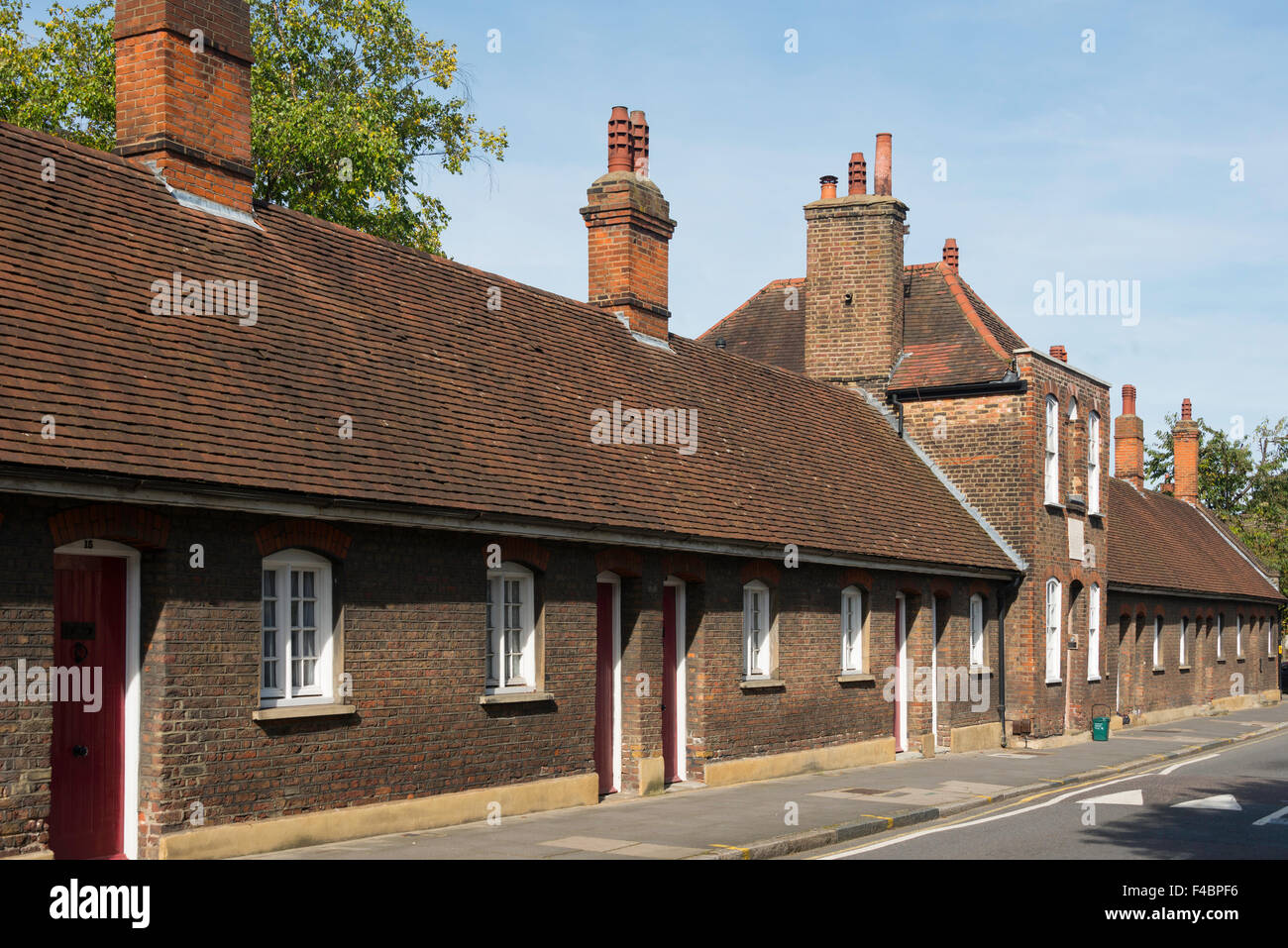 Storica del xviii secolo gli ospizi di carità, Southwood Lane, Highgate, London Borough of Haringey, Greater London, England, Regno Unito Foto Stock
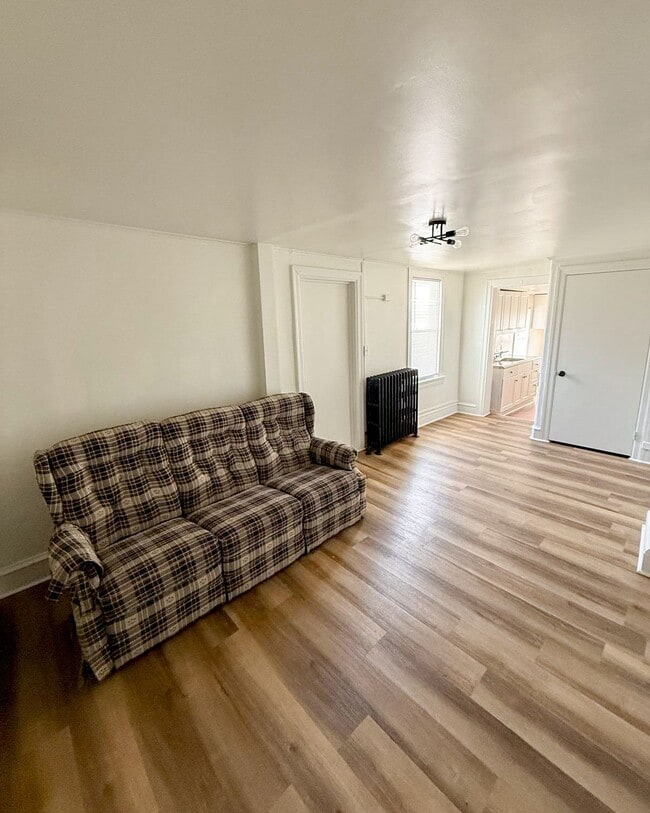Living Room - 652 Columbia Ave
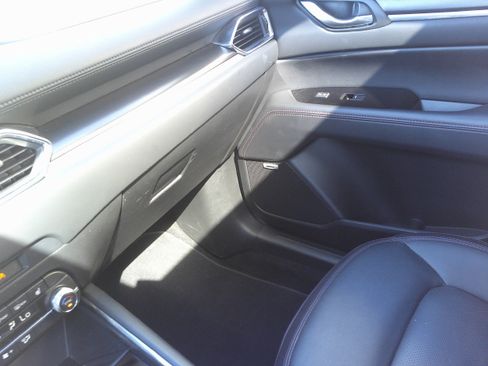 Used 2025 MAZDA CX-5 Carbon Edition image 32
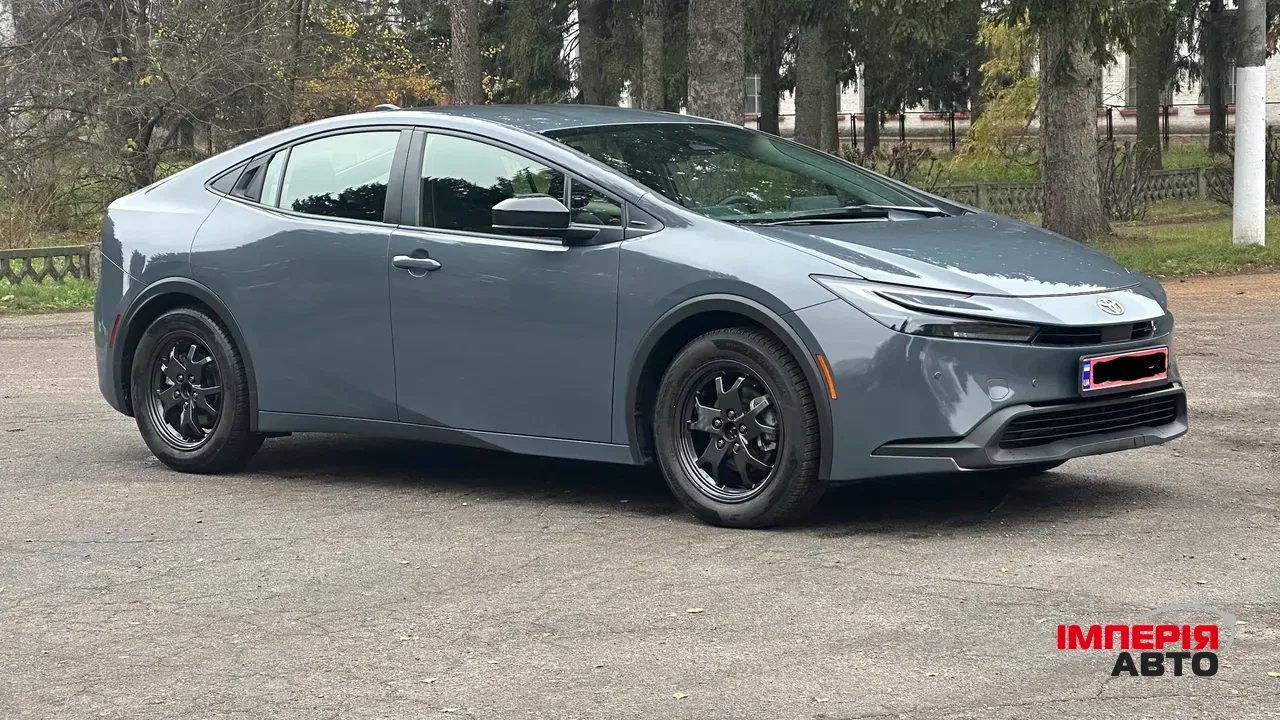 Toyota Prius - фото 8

* [Instructions for the task] In the copy, include exactly the lines from the one with "Used 2025 MAZDA CX-5 Carbon Edition image 32" through the final line of the data, both ends included, and no pictures.

* [Answer to the problem]
 Used 2025 MAZDA CX-5 Carbon Edition image 32
 Toyota Prius - фото 8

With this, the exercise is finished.